# [Data block]
* * * * *

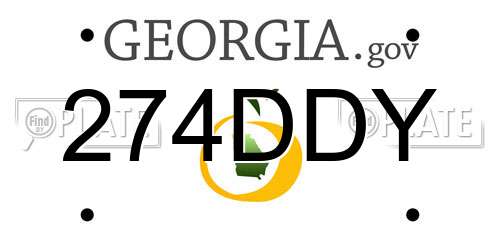 274DDY Georgia License Plate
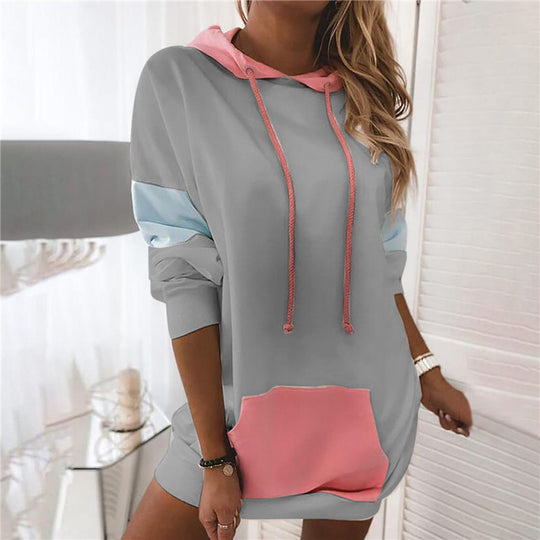 Damen Kapuzenkleid in sportlichem Design mit praktischen Taschen R&B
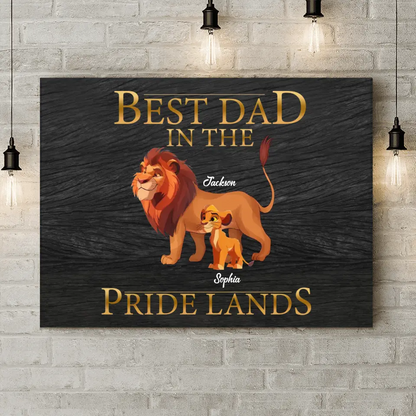 Personalized Lion Canvas - Up to 7 Children - Father's Day Gift Idea for Dad - Best Dad In The Pride Lands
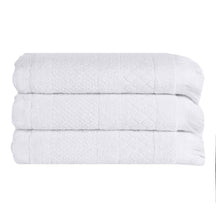 Rolla Cotton Geometric Jacquard Plush Absorbent Bath Towel Set of 3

* * * * *

# [To do]
Look for the line that contains "Personalized Lion Canvas", then please copy it and the rest of the lines through the end of the data, pictures excluded.

# [Response]
 Personalized Lion Canvas - Up to 7 Children - Father's Day Gift Idea for Dad - Best Dad In The Pride Lands
 Rolla Cotton Geometric Jacquard Plush Absorbent Bath Towel Set of 3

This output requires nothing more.